- _Data extracts_:
=== Section Start ===

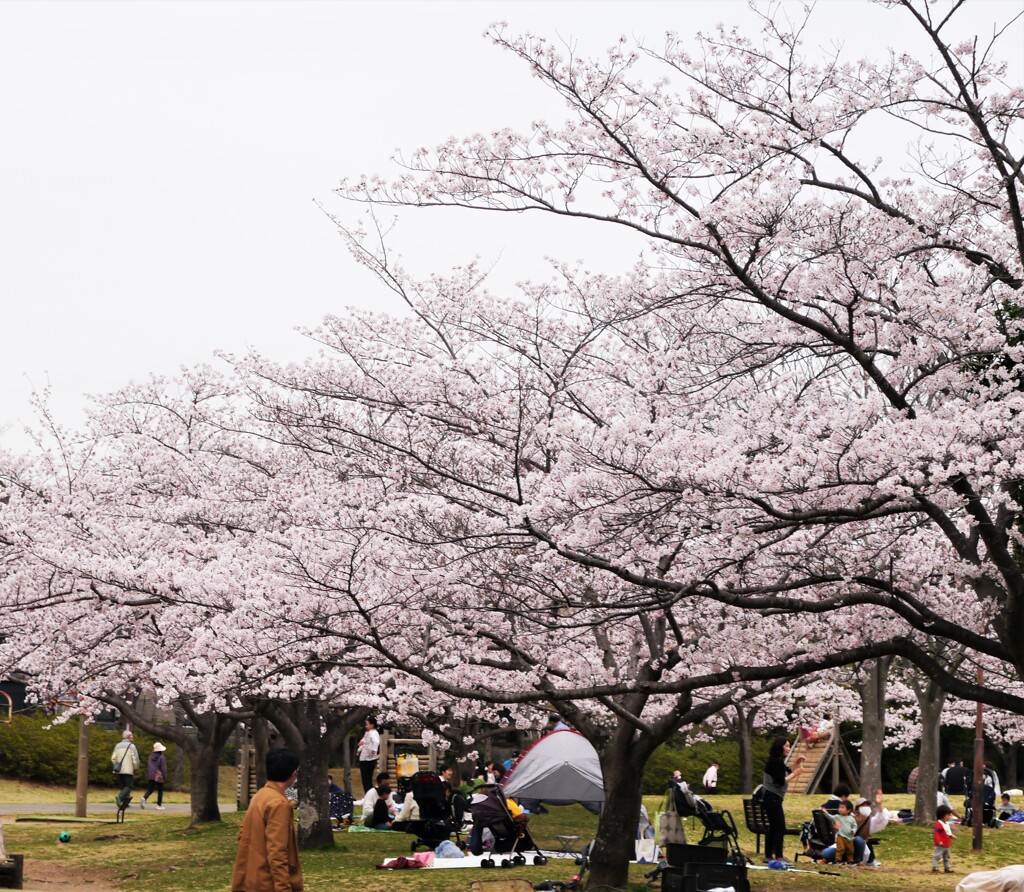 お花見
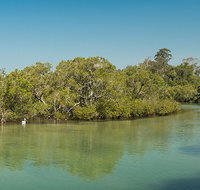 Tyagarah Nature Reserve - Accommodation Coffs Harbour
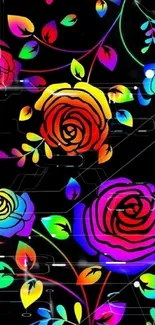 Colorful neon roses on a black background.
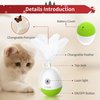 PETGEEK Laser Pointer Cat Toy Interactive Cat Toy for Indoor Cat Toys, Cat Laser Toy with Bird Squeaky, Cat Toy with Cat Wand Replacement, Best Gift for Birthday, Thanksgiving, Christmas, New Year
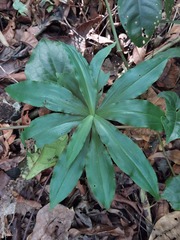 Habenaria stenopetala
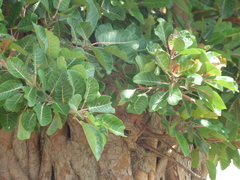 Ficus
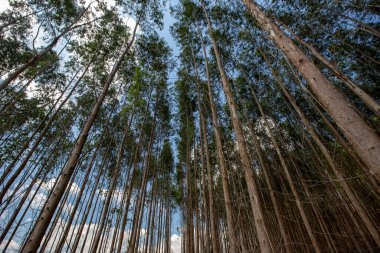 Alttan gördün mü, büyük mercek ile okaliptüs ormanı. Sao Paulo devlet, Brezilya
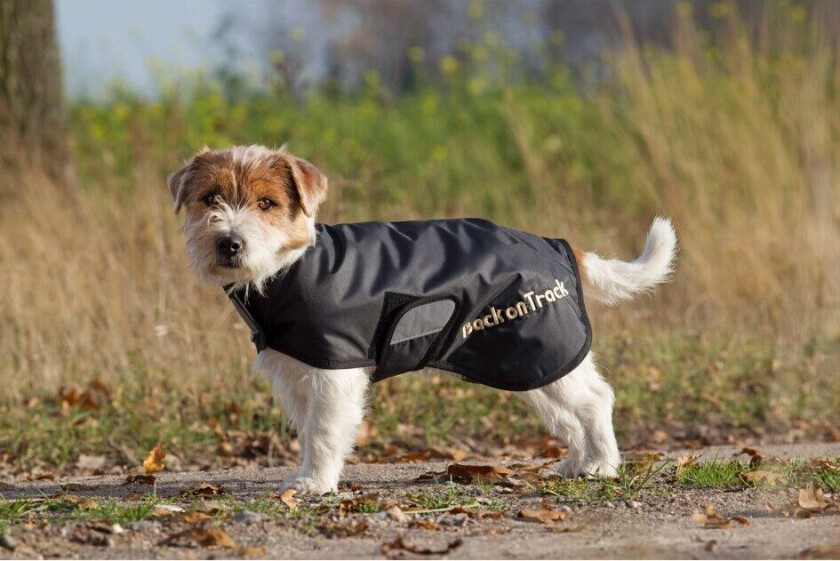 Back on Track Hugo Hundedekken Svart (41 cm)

=== Section End ===

- _What is expected_: The full listing above, duplicated exactly and without its pictures, is the answer.

- _Task answer_:
 お花見
 Tyagarah Nature Reserve - Accommodation Coffs Harbour
 Colorful neon roses on a black background.
 PETGEEK Laser Pointer Cat Toy Interactive Cat Toy for Indoor Cat Toys, Cat Laser Toy with Bird Squeaky, Cat Toy with Cat Wand Replacement, Best Gift for Birthday, Thanksgiving, Christmas, New Year
 Habenaria stenopetala
 Ficus
 Alttan gördün mü, büyük mercek ile okaliptüs ormanı. Sao Paulo devlet, Brezilya
 Back on Track Hugo Hundedekken Svart (41 cm)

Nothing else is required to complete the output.